Your task ▸ Return the following lines and nothing else: the one holding "PW0369-T 純白編織紋金屬木飾面" and all those after it in the records below, unchanged, minus any pictures.

___

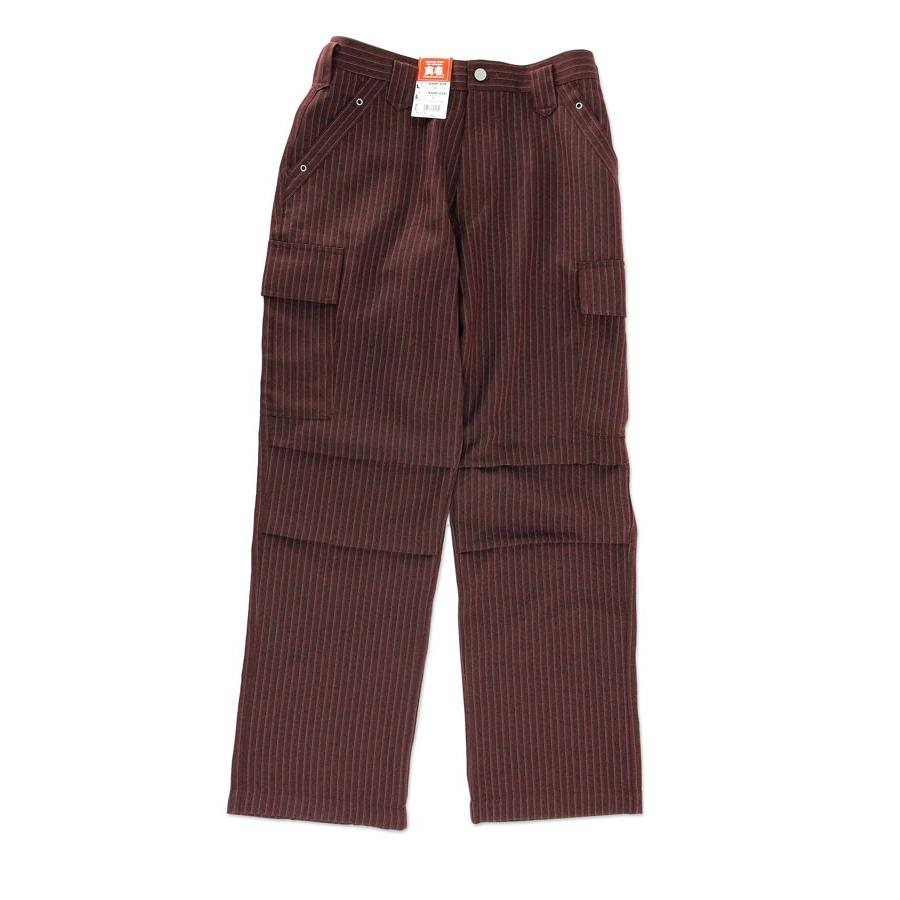 寅壱 寅一 4309シリーズ ストライプ柄 ボトムス カーゴパンツ (4309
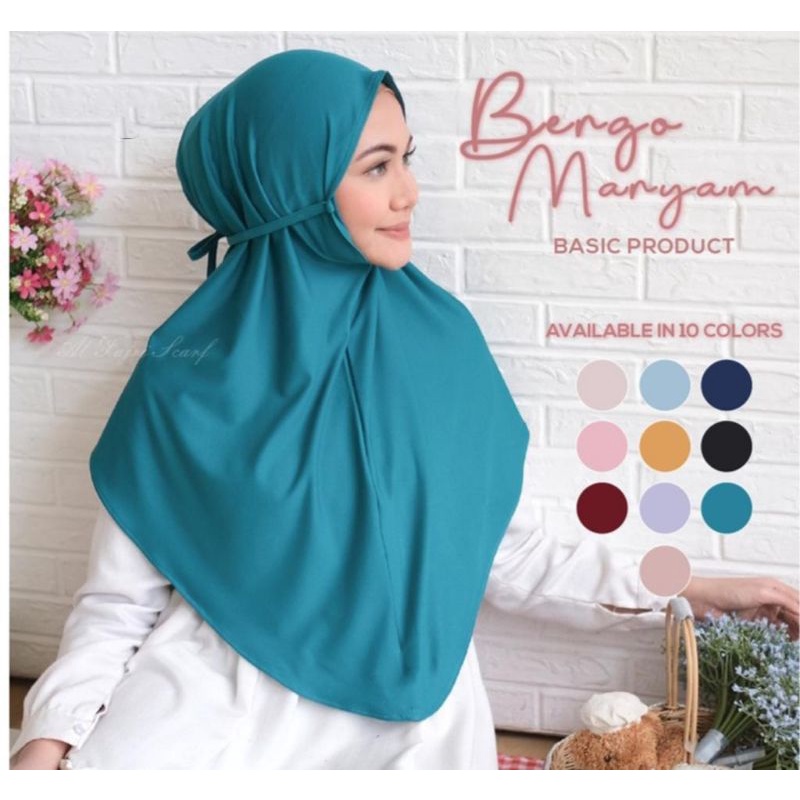 BERGO / KERUDUNG / HIJAB / KHIMAR SIRIA TALI JERSEY SUPER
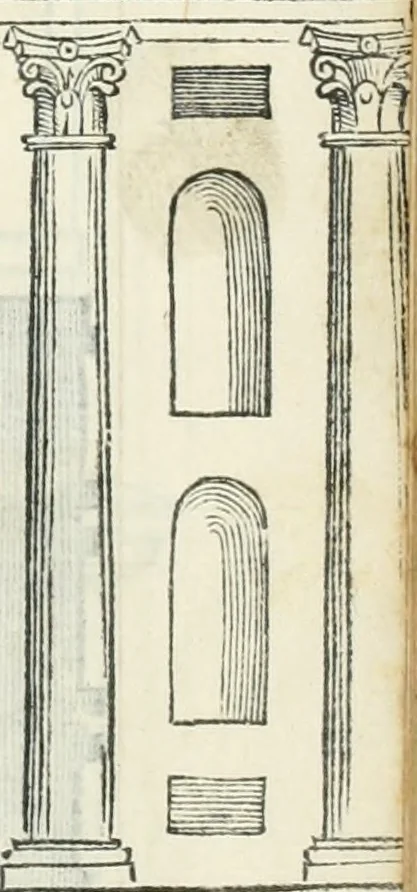 An illustration from Il terzo libro : nel qval si figvrano, e descrivono le antiqvita di Roma, e le altre che sono in Italia e fvori d'Italia ..., 1540, leaf 106
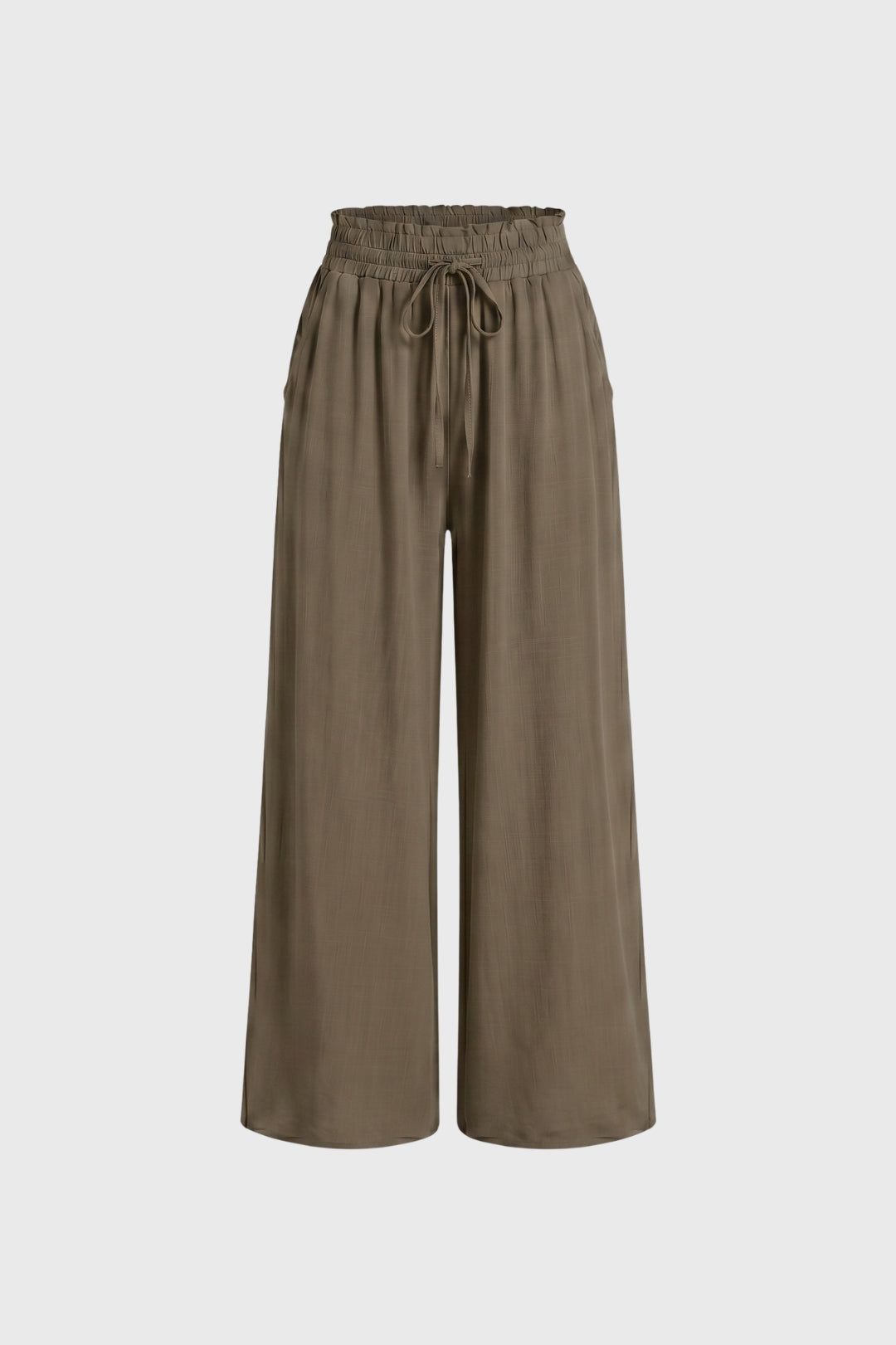 Women's Wide Leg Palazzo Trousers High Waist Elastic Waistband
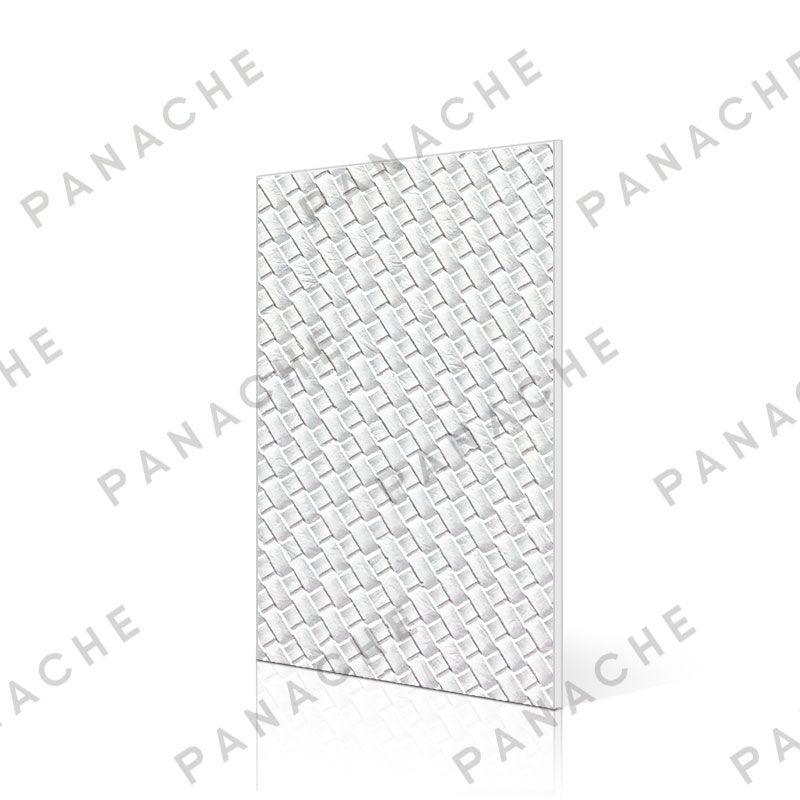 PW0369-T 純白編織紋金屬木飾面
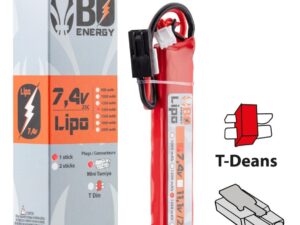 1 stick batterie Lipo 2S 7.4V 1300mAh 25C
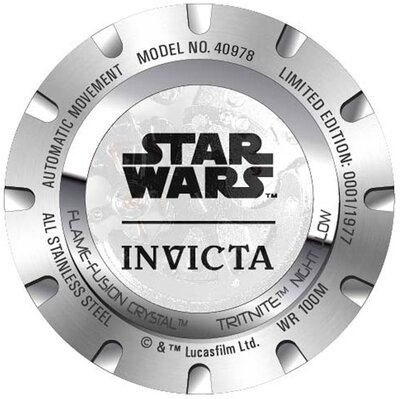 Invicta Star Wars Darth Vader Automatic 52mm 40978 Limited Edition 1977pcs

___

Exercise output ▸
 PW0369-T 純白編織紋金屬木飾面
 1 stick batterie Lipo 2S 7.4V 1300mAh 25C
 Invicta Star Wars Darth Vader Automatic 52mm 40978 Limited Edition 1977pcs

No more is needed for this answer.